If the purpose of an API is to allow developers to consume and use the API, then it makes sense that unit and functional tests should accompany the integration code. This is just good hygiene in development. Since I have used this API before, I should have a test case that validates it works. This way I ensure the API works in the future.
The Case for UI Testing
When testing commercial off-the-shelf (COTS) software like the network management system responsible for the Level 3 outage, the logic built into the UI also must be considered. These options sit on top of the UI, and the choices the user makes within the UI then determine what data the API receives. The software therefore must be tested the same way a user interacts with the software. The Level 3 failure is a prime example of what happens when UI testing is not adequately done. The translation of the data from the UI to the API can only be tested and documented by running tests from the UI. Vendors delivering software will have APIs that are externally accessible and documented for the purpose of integration. The APIs that deliver the data for a UI are not usually documented and not meant for consumption; they are internal APIs used by the UI. This means there is probably not a nice Swagger 2.0 spec for the UI-to-API interaction because the software vendor kept that internal. The end-to-end testing or user journey testing for the COTS software should be at the UI layer.

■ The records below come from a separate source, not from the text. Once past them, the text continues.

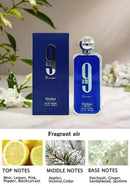 Perfume For Men | men perfume gifts.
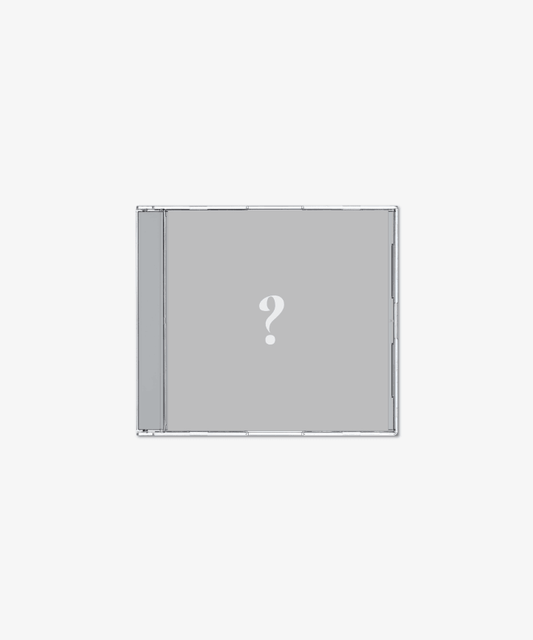 &TEAM - YUKIAKARI 2ND ALBUM STANDARD EDITION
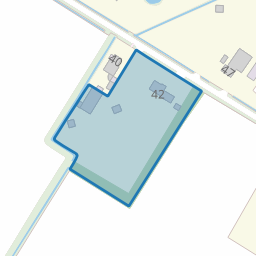 Perceel SDE01-F-2368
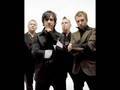 Three Days Grace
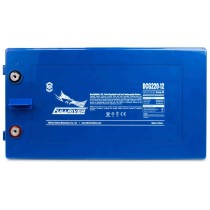 Batterie Fullriver DCG220-12 | bateriasencasa.com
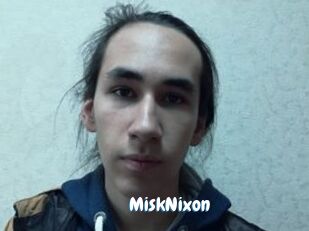 MiskNixon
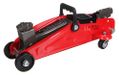 SIXTOL SX Jack MINI 2T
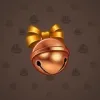Sleigh Bell #6361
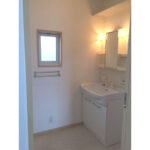 ポラリスA棟 画像10 ポラリスA棟 画像10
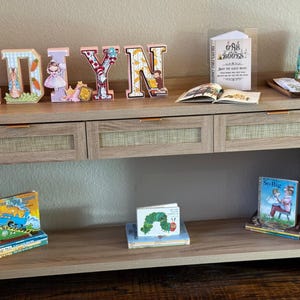 Tapley added a photo of their purchase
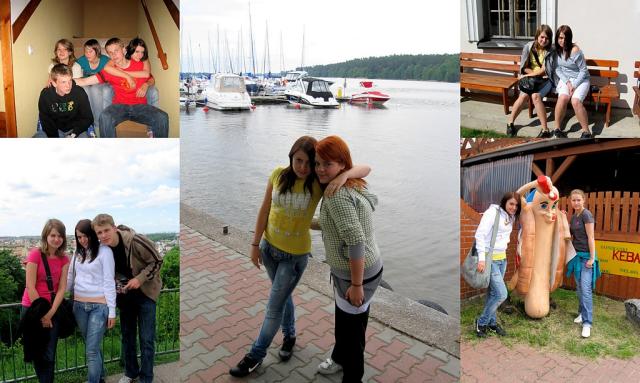 Wpis tylkodlaciebieja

Modern UIs Are Applications unto Themselves with Logic and Code Built into Them
“This effort to make UIs easier and more intuitive and provide higher functioning for looking up and decoding data means the UIs are complex applications within themselves.”
This effort to make UIs easier and more intuitive and provide higher functioning for looking up and decoding data means the UIs are complex applications within themselves.

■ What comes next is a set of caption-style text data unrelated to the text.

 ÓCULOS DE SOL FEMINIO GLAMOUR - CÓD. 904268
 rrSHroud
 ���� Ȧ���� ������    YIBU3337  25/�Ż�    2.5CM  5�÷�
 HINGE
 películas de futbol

We may never know if the space designation as a wildcard in the phone number field was documented functionality for the API, but if it was, it was either not well documented or understood from the user’s perspective in the UI. As a pretty savvy computer guy, I would think a blank in a required field would flag a warning in the UI. The user should have received some type of message or notice that explained if they wanted a wildcard, they needed to use a “*” or “%” to denote it. It is not terribly intuitive to a user that the lack of a character implies a wildcard. With UI testing, this problem would easily have been uncovered. This could only be found by testing the UI and then looking at the outcome or having a set of basic UI tests that try entering incomplete data into the UI and look for validation rules in the UI.
There will probably always be a debate about who’s responsible for testing the UI for COTS software – the vendor, the business or QA. Fortunately for the workers at Level 3, the FCC’s findings did not blame the team responsible for testing the application, and the corrective actions were published to help prevent this type of problem in the future.
When it comes to COTS software, preventing epic failures means testing the actual business processes and/or workflows (journeys) through the UI like a real user would use the system. Testing at the API layer only covers part of the potential risks, and as we see in the case of Level 3 can result in an epic-size failure. Assuming the API is the UI may lead you to fall into a large system failure.